Start of GIVEN ENTRIES
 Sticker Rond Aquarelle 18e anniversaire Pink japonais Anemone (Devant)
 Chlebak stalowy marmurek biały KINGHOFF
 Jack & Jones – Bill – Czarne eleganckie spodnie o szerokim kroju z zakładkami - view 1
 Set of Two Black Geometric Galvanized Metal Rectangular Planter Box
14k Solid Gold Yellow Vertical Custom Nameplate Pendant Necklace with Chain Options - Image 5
End of GIVEN ENTRIES
Start of GIVEN ENTRIES
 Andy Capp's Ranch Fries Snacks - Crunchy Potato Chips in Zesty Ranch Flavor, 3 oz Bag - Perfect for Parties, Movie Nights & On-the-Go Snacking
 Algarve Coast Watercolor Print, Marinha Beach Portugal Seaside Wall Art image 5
End of GIVEN ENTRIES
What is needed is an exact copy of the lines above, from the one containing "Sticker Rond Aquarelle" through the one containing "14k Solid Gold", with nothing added.

 Sticker Rond Aquarelle 18e anniversaire Pink japonais Anemone (Devant)
 Chlebak stalowy marmurek biały KINGHOFF
 Jack & Jones – Bill – Czarne eleganckie spodnie o szerokim kroju z zakładkami - view 1
 Set of Two Black Geometric Galvanized Metal Rectangular Planter Box
14k Solid Gold Yellow Vertical Custom Nameplate Pendant Necklace with Chain Options - Image 5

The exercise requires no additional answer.